[Brief] Begin the copy at the line that contains "Scena Na Piętrze.", end it at the last line of the entries below, keep every word exact, and include no pictures.

[Input data]
========================

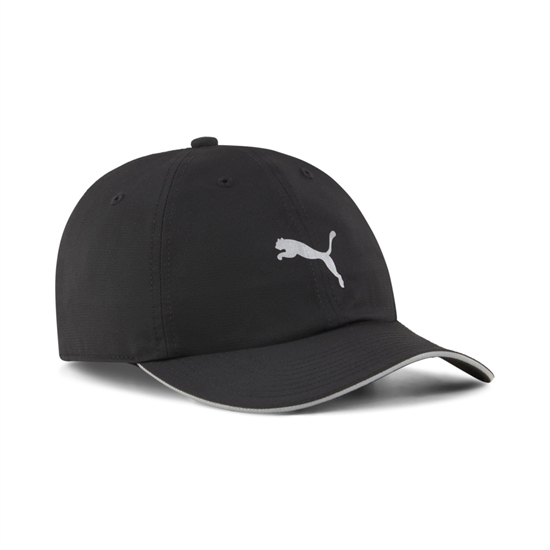 Puma UNISEX RUNNING III BB Cap Кепка беговая Черный - фото 306649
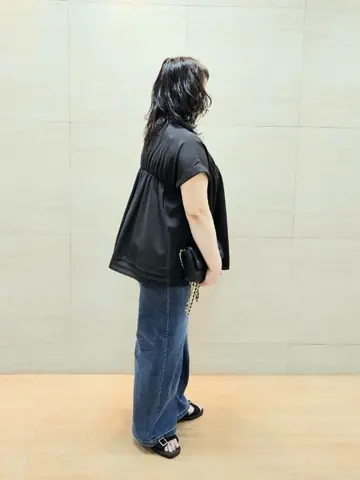 ONWARD CROSSET SELECT 菅野 コーディネート画像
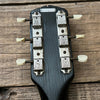 SOLD - National Reso - phonic acoustic resonator 3/4 size 1957 Black Pearloid - Mahar's Vintage Guitars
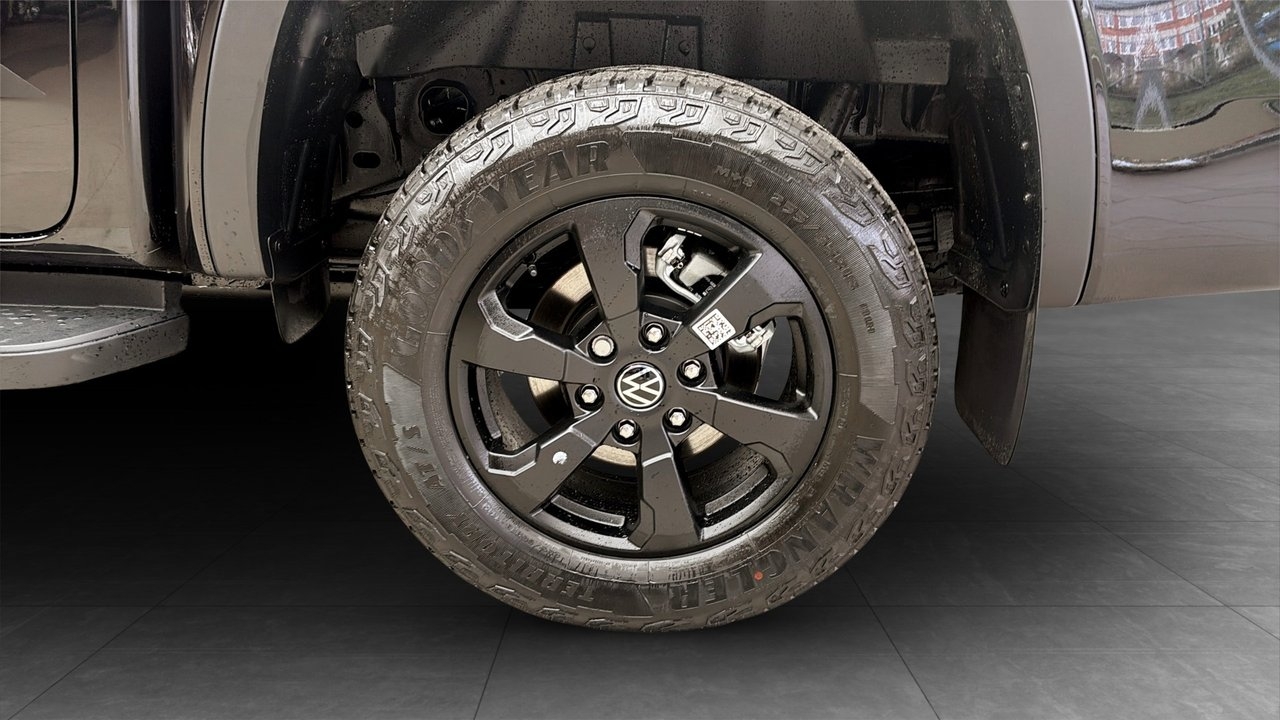 Volkswagen Amarok 3.0 V6 TDI SCR 2026, bild 6/12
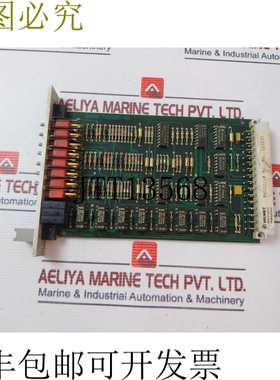 原装供应维美德 BIU 8 A 二进制输入单元 BIU8 542803-5B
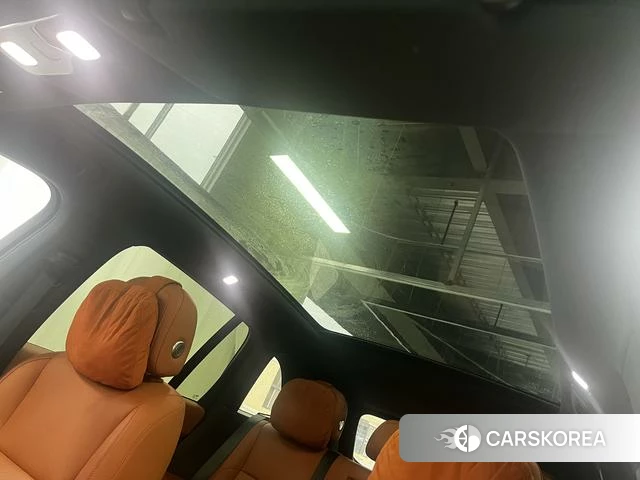Ideal car Ideal L6 2025 Зеленый из Китая, фото 3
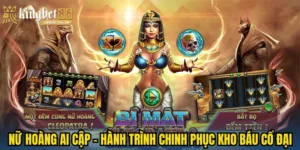 nữ hoàng ai cập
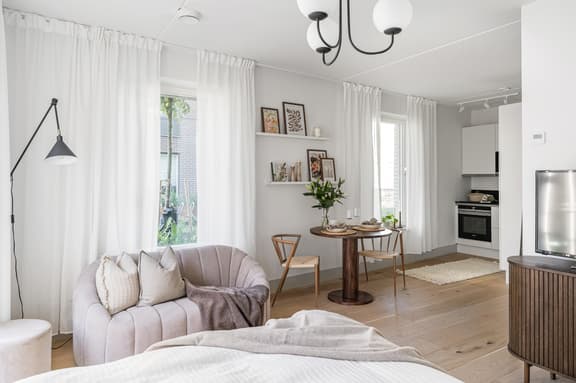 Stationsvägen 12, Täby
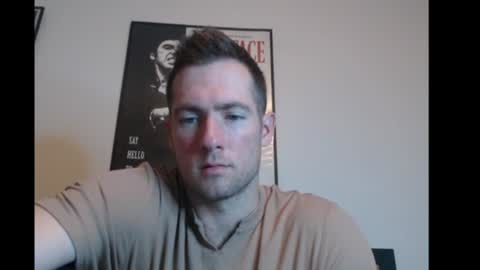 Snapshot of al3xzanderth3gr3at chatting on 07.29.26 Alex online show from 07.29.26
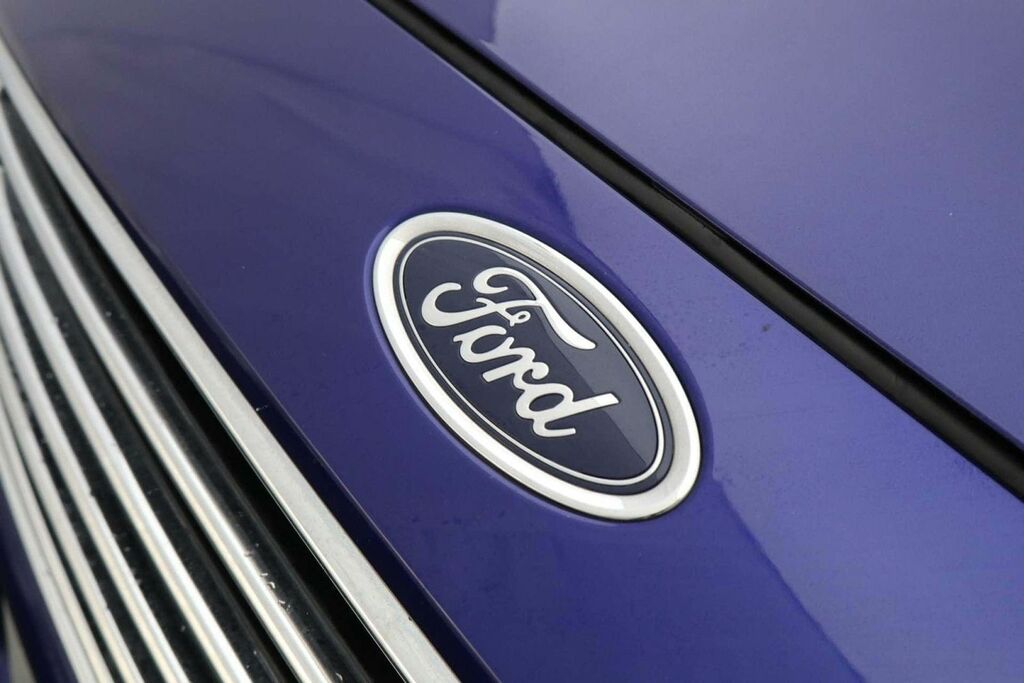 Ford C-Max 1.0 Ecoboost 125 Zetec 5Dr- Reversing Sensors, Blu Grey #31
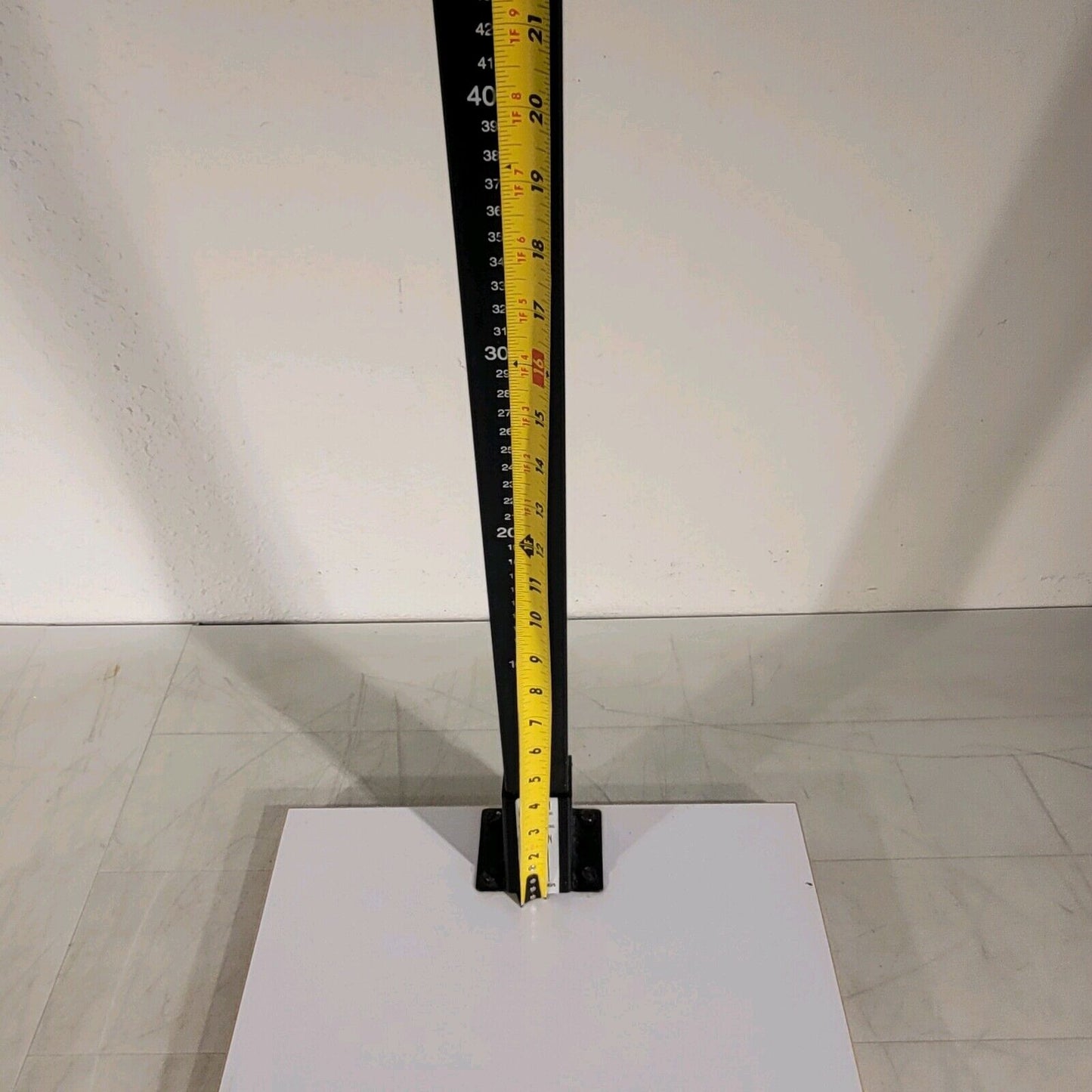 Beseler Photo Enlarger Stand Z Axis Adjustable Stand 59cm Tall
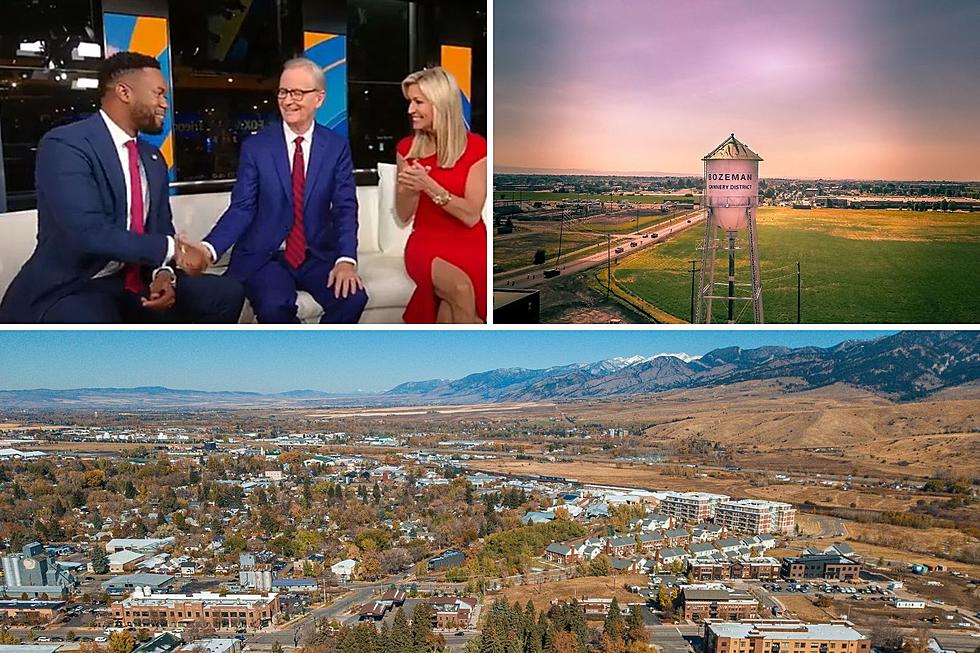 Fox & Friends LIVE from Bozeman, Montana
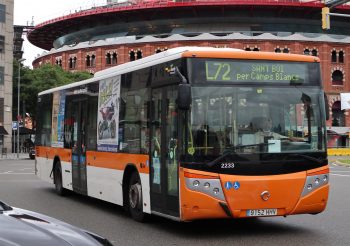 Monbus y Julià se adjudican la actual concesión de Baixbus Oliveras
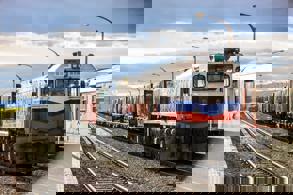 DEMİRYOLU YÜK TAŞIMACILIĞININ YARIYA YAKINI İLTİSAK HATLARI İLE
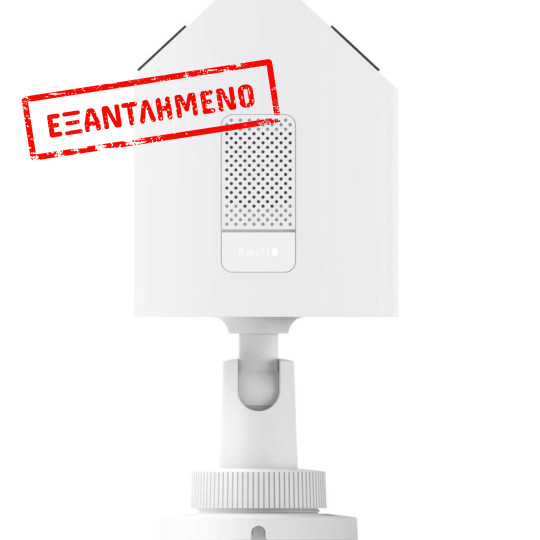 Smart Κάμερα Xiaomi CW100 Dual BHR07UIEU IP 2K +  Wi-Fi 3MP MicroSD Αμφίδρομο Ήχο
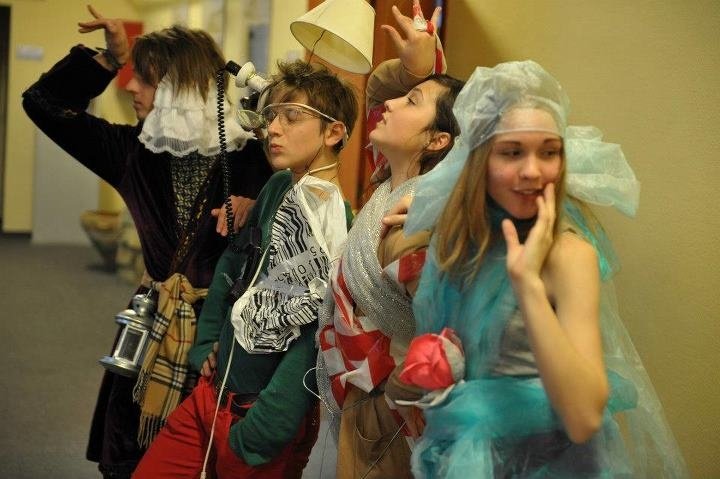 Scena Na Piętrze. Po wakacjach ruszają zajęcia teatralne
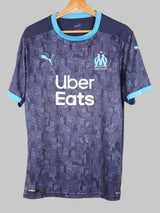 2020/21 Marseille Payet #10 Away Shirt (L)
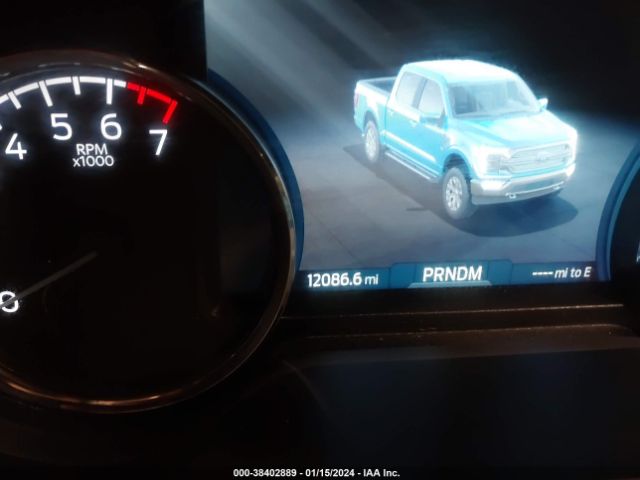 1FTFW1E84PKE03359 Ford F-150 Xlt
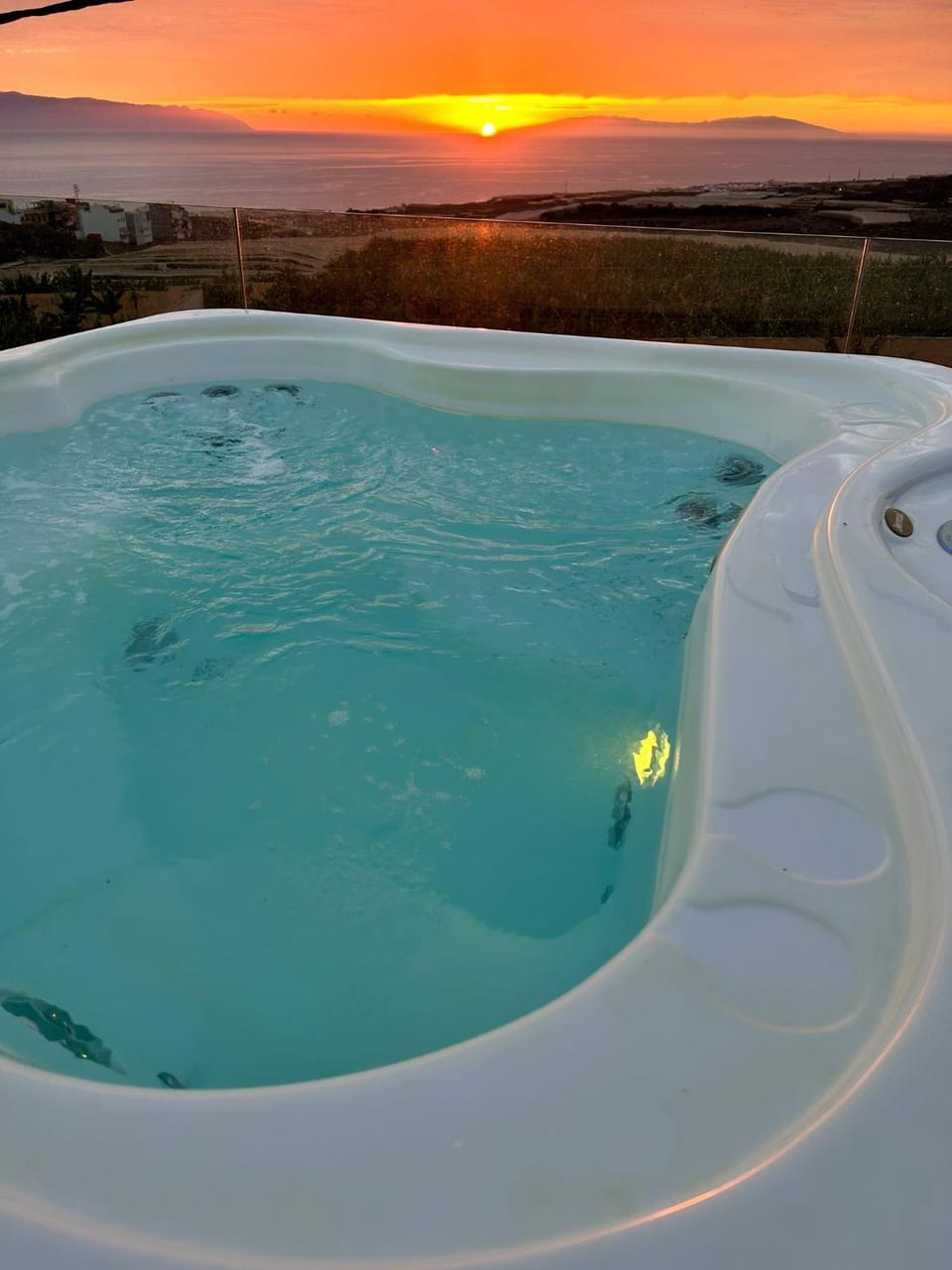 La Cabaña House in Canary Islands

========================

[Reply]
 Scena Na Piętrze. Po wakacjach ruszają zajęcia teatralne
 2020/21 Marseille Payet #10 Away Shirt (L)
 1FTFW1E84PKE03359 Ford F-150 Xlt
 La Cabaña House in Canary Islands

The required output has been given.